Many Ghanaian meals involve a food that is pounded in a large wooden mortar, with a pestle.  Early evenings are frequently filled with the sound of pounding as food is prepared.  Most food is also quite spicy, served with a sauce called Shito (pronounced Shee-toe), which can be made a variety of ways but typically has the following in its base:  tomatoes, garlic, onion, ginger, pepper, herring and shrimp.  Be careful - it can be very hot!
Banku (on the left) and Tilapia
First on the list is Banku and Tilapia.  Banku is femented corn/cassava dough mixed proportionally and cooked in hot water into a smooth whitish consistent paste.  It is often served with soup, stew or a pepper sauce with fish (often Tilapia).  If you were to eat this in a restaurant, it would be served as is shown in the picture.  You are given a bowl of water and soap to wash your right hand; you then eat the food with your fingers with your right hand only.  The fish is served whole, with head and tail intact. 

A second favorite is Kenkey, which is a fermented maize meal traditionally prepared by boiling balls of mixed portions of fermented cooked maize meal and raw maize dough wrapped in cornhusks.  The picture shows a table of Kenkey, which can be found and purchased on the side of the road. It is often served in a similar manner to Banku.

Fufu and pepper soup.
Fufu is a conventional West African dish made by boiling starchy foods such as cassava, yam, or plantain, then pounding them into a glutinous mass.  In Liberia, fufu was mostly fermented cassava, but in Ghana it is not fermented and can be a variety of the above mentioned items.

Red Red
Red Red is a baked bean stew and is Noah's favorite. Though we eat it with rice, it is typically served with boiled plantain.

Waakye (pronounced wat-chee) is another popular dish, made of rice and beans, and cooked with a spicy sauce of prawn and tomato.  

Kelewele is my favorite.  Because it is fried in oil, I have to restrict myself to eating it just once a week but it is soooo good.  It is prepared from ripe plantain well seasoned with ginger, chilli, cloves and fried in hot oil to give it a great mouth-watering flavor.

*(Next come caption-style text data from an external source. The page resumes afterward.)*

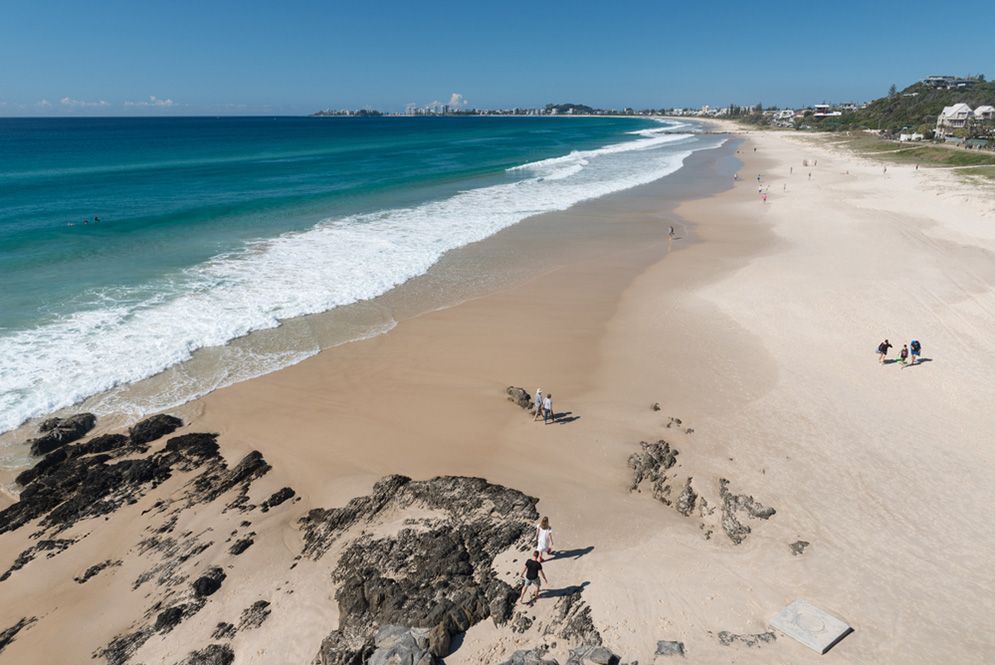An Aerial View Of A Beach With Waves Crashing On The Shore — Remedy Mobile Car Detailing in Currumbin, QLD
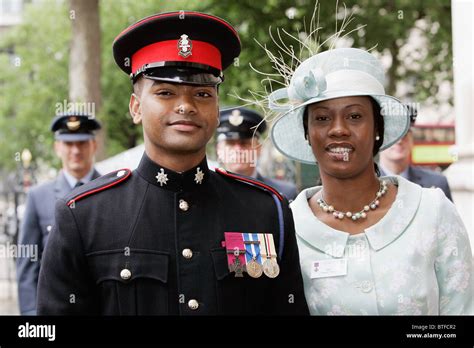private johnson beharry with victoria cross vc medal for bravery acompanied by his partner at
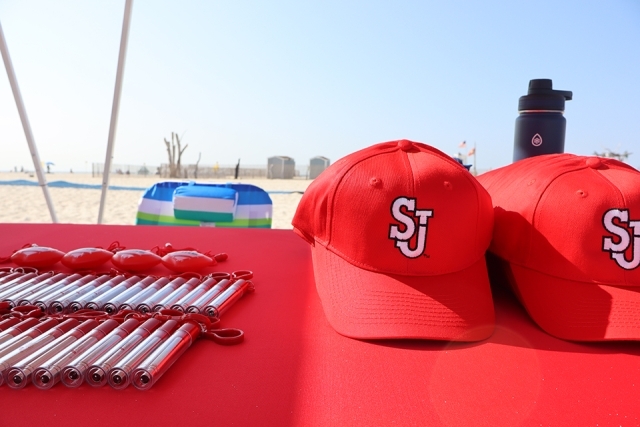 Stack of St. John's University hats and pens at Jones Beach on table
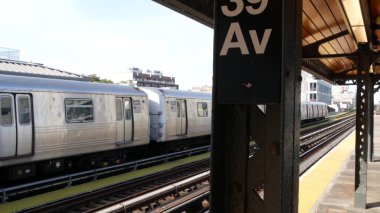 New York, ABD - 2 Eylül 2023 Metro İstasyonu. Metro treni toplu taşıma platformunda. Queens 'te 39. Cadde' de yüksek bir demiryolu var. New York yolcusu tren yolu trafiği, Long Island.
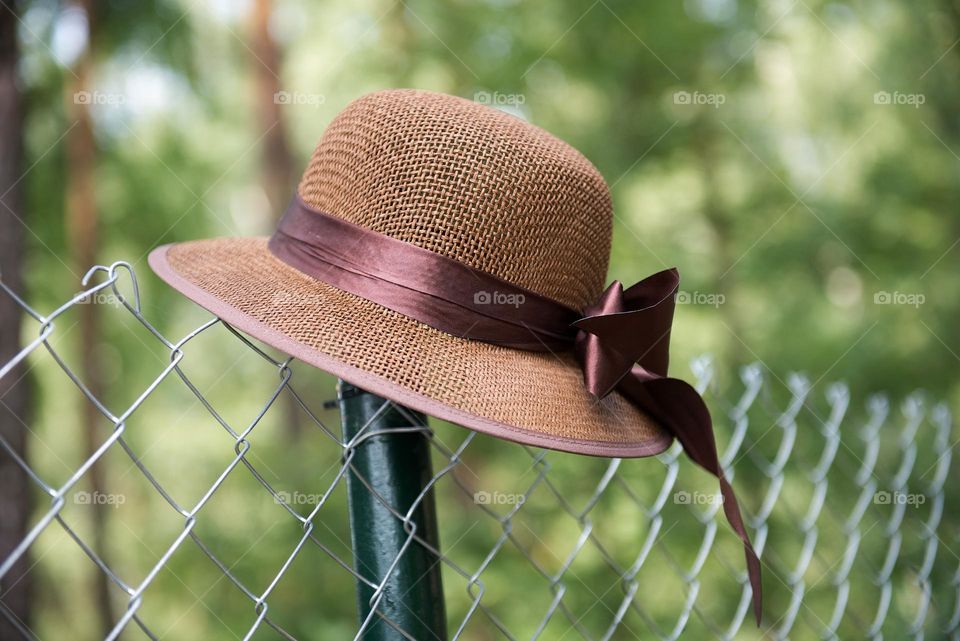 Brown retro hat in metal fence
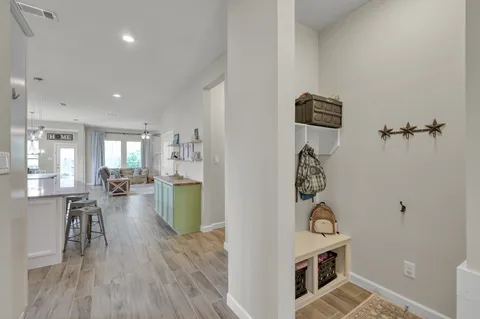 a view of a living room and dining room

Just in case your stomach is now rumbling and it's not time for lunch yet, let me distract you.  While in the process of sorting through pictures, I also was sorting through videos in preparation for Noah's graduation slide show and video.  I ran across the cutest video of Noah, at about eleven months, falling asleep while he eats.  Not Ghanaian food, but cute none-the-less. 


Nancy said...

So precious!! Love it.

Anonymous said...

Thanks for the preview of foods to come! Makes me excited and nervous. I'm sure the Kenkey's are different there but we use to eat them as well in Barbados. I always enjoyed them. There was a desert version and a meal version.
Less then 3 weeks now! Look forward to seeing you when we arrive.
Stephanie W.

Little Wooly Mama said...

Interesting to read that a lot of food is fermented. I've read "a revolutionary" cookbook called "Nourishing Traditions" that recommends fermented food to us in the land of plenty of food.